Is it possible that our world still knows better how to deal with a bandit, a murderer, an insurrectionist than it knows what to do with the Prince of Peace? There is a sense in which an assassin's attempt on the Pope's life is less shocking to our world than the Pope's forgiveness of him. Is it possible that we would rather deal with raw power that rides on a stallion than with this one who comes on a donkey, with the weapons of love, patience, suffering and peace? Given the choice, isn't it possible that we would take Barabbas, too? - from What Will You Do with King Jesus? by James A. Harnish; as quoted in A Guide to Prayer for All Who Seek God, p. 166.Given the choice...do you publicly cheer those causes and/or individuals whom some powers have identified as dangerous, inappropriate or revolutionary?
Given the choice...would you invite to an important dinner party one who had already betrayed you?

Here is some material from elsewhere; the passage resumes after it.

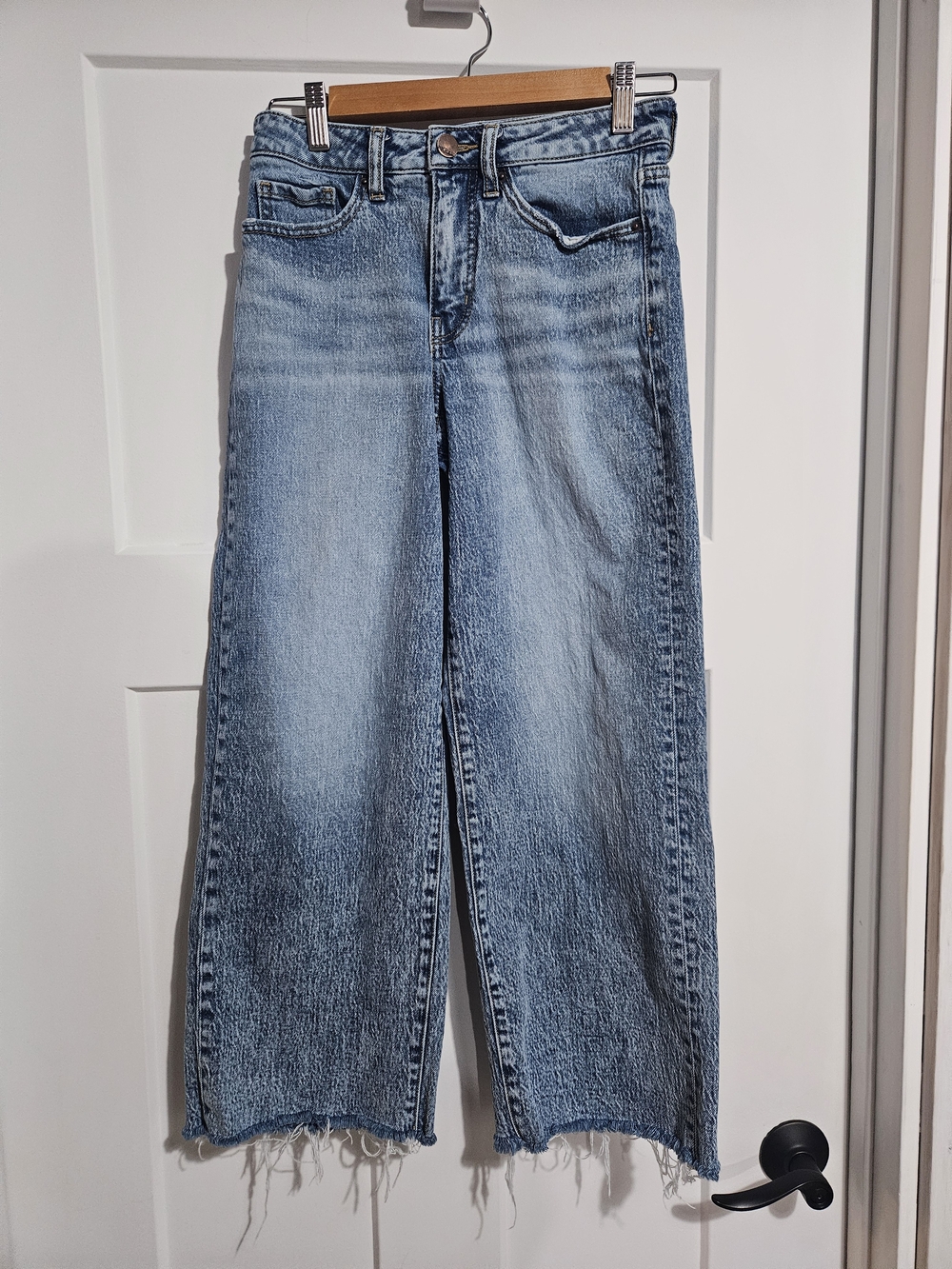 BKE Light Blue High-Waist Wide Leg Jeans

Given the choice...would you entrust the most important story the world has known to a motley group who had already proven, time and again, to be fickle, thick-headed, doubt-filled, somewhat cowardly and more interested in seating arrangements in glory than earthly mission?
Given the choice...would you choose gruesome suffering played out before your entire community or a hasty, yet private, retreat from principle and identity?
Given the choice...would you choose victimizing the one whom powers you fear have identified as the victim du jour rather than stand against those same powers?
Given the choice...would you forgive the very persons who have sought to destroy or undermine your reputation, your career, or your life?
But...we are given the choice...not just during Holy Week...but each day we're privileged to live. Does a week go by where we aren't faced with at least one of these choices in one form or another? In one sense, the events of Holy Week become the soundtrack over which the life and choices of every Christian is projected.
I confess, it is only by the power of the Holy Spirit nurtured by a vital relationship with Christ, that the default setting for my choices are moved from silence to cheering, from exclusion to invitation, from hasty retreats to self-sacrifice, and from grudges to forgiveness.
But, there's one more choice. Just speaking for myself, it is this choice that makes the others possible. Given the choice...will you venture out to experience the empty tomb for yourself or cave in to the conventional wisdom that gives death the final word?